In this assignment, we will analyse the given mtcars dataset and try to find out the relationship between a set of variables and miles per gallon (MPG) (outcome).
This assignment will also answer the two following questions (the purpose of this assignment):
The key finding is that manual transmissions on average do give 2.084 miles per gallon more than automatic transmission. However, this is taking into account the confounding variables of weight and cylinders.
require(datasets); require(ggplot2)
data(mtcars); head(mtcars) # where as "am" is the transmission (0 = automatic, 1 = manual)
#> mpg cyl disp hp drat wt qsec vs am gear carb
#> Mazda RX4 21.0 6 160 110 3.90 2.620 16.46 0 1 4 4
#> Mazda RX4 Wag 21.0 6 160 110 3.90 2.875 17.02 0 1 4 4
#> Datsun 710 22.8 4 108 93 3.85 2.320 18.61 1 1 4 1
#> Hornet 4 Drive 21.4 6 258 110 3.08 3.215 19.44 1 0 3 1
#> Hornet Sportabout 18.7 8 360 175 3.15 3.440 17.02 0 0 3 2
#> Valiant 18.1 6 225 105 2.76 3.460 20.22 1 0 3 1
summary(mtcars$mpg[mtcars$am==0]) # taking a summary of MPG from automatic cars
#> Min. 1st Qu. Median Mean 3rd Qu. Max.
#> 10.40 14.95 17.30 17.15 19.20 24.40
summary(mtcars$mpg[mtcars$am==1]) # taking a summary of MPG from manual cars
#> Min. 1st Qu.
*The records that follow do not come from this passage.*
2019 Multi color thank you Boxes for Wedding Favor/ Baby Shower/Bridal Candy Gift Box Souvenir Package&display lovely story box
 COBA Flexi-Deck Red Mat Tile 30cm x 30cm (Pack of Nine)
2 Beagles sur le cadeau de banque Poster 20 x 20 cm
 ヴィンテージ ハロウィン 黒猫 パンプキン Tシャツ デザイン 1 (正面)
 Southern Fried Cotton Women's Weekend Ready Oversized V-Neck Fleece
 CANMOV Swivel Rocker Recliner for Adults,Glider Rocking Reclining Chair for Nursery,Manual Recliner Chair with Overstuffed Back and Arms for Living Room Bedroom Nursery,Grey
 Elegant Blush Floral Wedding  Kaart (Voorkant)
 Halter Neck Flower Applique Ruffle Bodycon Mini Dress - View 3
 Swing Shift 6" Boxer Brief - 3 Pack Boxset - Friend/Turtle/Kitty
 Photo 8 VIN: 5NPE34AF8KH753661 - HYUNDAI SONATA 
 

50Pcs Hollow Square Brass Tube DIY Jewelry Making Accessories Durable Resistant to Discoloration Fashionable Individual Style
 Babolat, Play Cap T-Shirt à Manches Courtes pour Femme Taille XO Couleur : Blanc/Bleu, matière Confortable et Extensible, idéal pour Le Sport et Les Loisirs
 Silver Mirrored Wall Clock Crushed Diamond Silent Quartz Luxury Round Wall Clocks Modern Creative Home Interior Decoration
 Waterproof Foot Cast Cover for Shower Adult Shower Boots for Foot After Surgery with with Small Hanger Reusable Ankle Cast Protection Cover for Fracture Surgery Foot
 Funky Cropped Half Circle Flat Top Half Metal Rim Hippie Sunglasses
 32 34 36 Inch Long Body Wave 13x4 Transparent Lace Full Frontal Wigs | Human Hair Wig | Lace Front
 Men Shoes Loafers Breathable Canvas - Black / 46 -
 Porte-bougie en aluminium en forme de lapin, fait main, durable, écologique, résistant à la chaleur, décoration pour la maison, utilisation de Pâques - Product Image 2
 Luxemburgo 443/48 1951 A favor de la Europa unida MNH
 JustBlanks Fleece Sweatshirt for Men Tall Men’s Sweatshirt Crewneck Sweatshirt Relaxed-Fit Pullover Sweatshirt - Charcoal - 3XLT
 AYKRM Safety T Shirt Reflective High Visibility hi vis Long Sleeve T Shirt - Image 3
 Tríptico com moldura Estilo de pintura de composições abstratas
Median Mean 3rd Qu. Max.
#> 15.00 21.00 22.80 24.39 30.40 33.90
# putting together with a nicer code snipped:
aggregate(mtcars["mpg"], by = list(am = mtcars$am), mean)
#> am mpg
#> 1 0 17.14737
#> 2 1 24.39231
# Explorative plot via dotchart
# cars are grouped by automatic/manual
dat <- mtcars[order(mtcars$am, mtcars$mpg), ] # ordering the data
dat$am <- factor(dat$am) # from numberic to factor
# introduce a new column with color
dat$color[dat$am==0] <- "red" # am==0: automatic
dat$color[dat$am==1] <- "blue" # am==1: manual
# dotchart
dotchart(dat$mpg,
labels = row.names(dat),
cex = 0.7,
groups = dat$am,
gcolor = "black",
color = dat$color,
pch = 19,
main = "MPG for Car Models\ngrouped by Transmission\n0:automatic 1:manual",
xlab = "Miles per Gallon")
# Explorative plot via ggplot2/box plot
g <- ggplot(dat, aes(x = am, y = mpg)) +
geom_violin(fill = "lightblue") +
geom_boxplot(fill = "cornflowerblue", color = "black", width = 0.2) +
geom_point(position = "jitter", color = "blue", alpha = 0.5) +
geom_rug(side = "l", color = "black")
g Synopsis: Looking at the plots (see appendix) and refering to the difference in the means comparing transmissions (automatic/manual), we can say that the manual transmission seems to have a better MPG compared to the automatic. To quantify this claim, we try to find a suitable regression model for it.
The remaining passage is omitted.